• Work item
Print out the full material below, exact in every line, with no images included.

• Task input

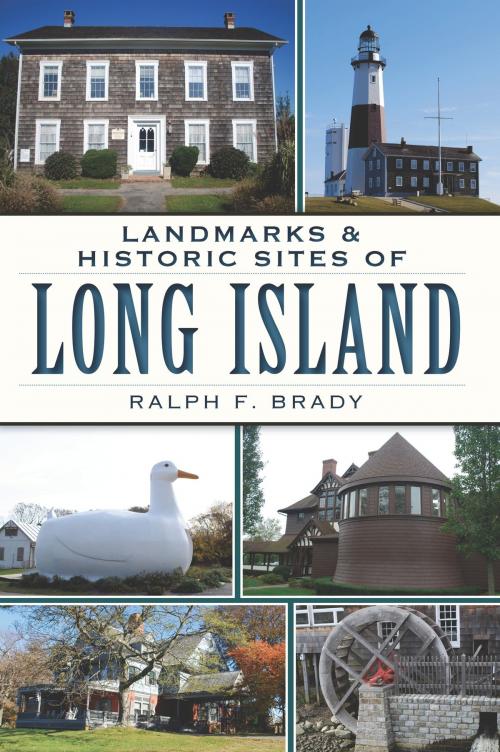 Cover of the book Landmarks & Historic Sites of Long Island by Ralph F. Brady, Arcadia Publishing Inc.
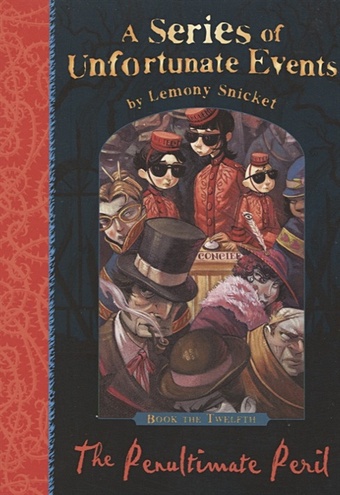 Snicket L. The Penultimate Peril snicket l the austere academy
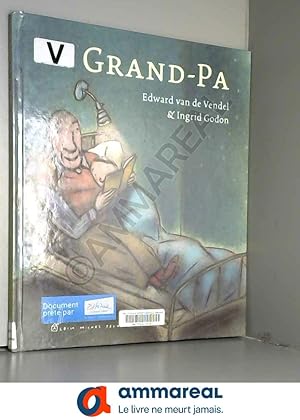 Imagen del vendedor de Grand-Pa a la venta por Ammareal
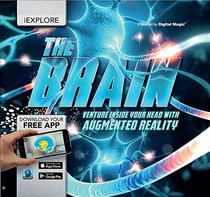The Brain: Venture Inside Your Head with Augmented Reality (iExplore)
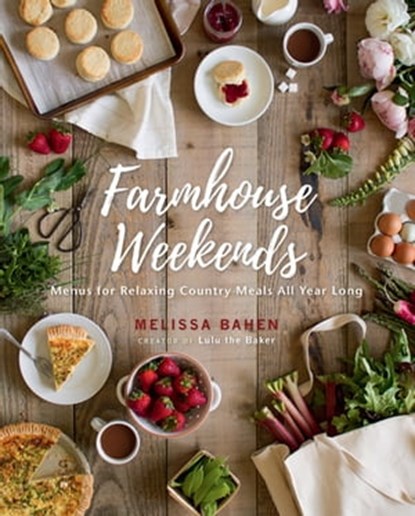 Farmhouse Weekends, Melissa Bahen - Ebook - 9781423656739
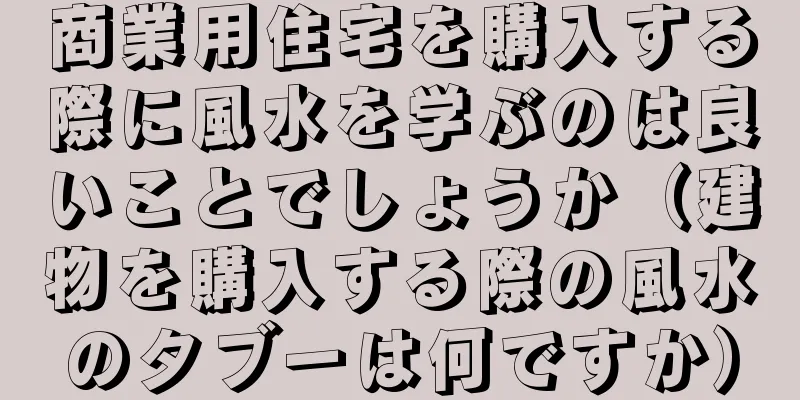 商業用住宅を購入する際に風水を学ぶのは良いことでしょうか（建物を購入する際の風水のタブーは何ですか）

• Exercise response
 Cover of the book Landmarks & Historic Sites of Long Island by Ralph F. Brady, Arcadia Publishing Inc.
 Snicket L. The Penultimate Peril snicket l the austere academy
 Imagen del vendedor de Grand-Pa a la venta por Ammareal
The Brain: Venture Inside Your Head with Augmented Reality (iExplore)
 Farmhouse Weekends, Melissa Bahen - Ebook - 9781423656739
 商業用住宅を購入する際に風水を学ぶのは良いことでしょうか（建物を購入する際の風水のタブーは何ですか）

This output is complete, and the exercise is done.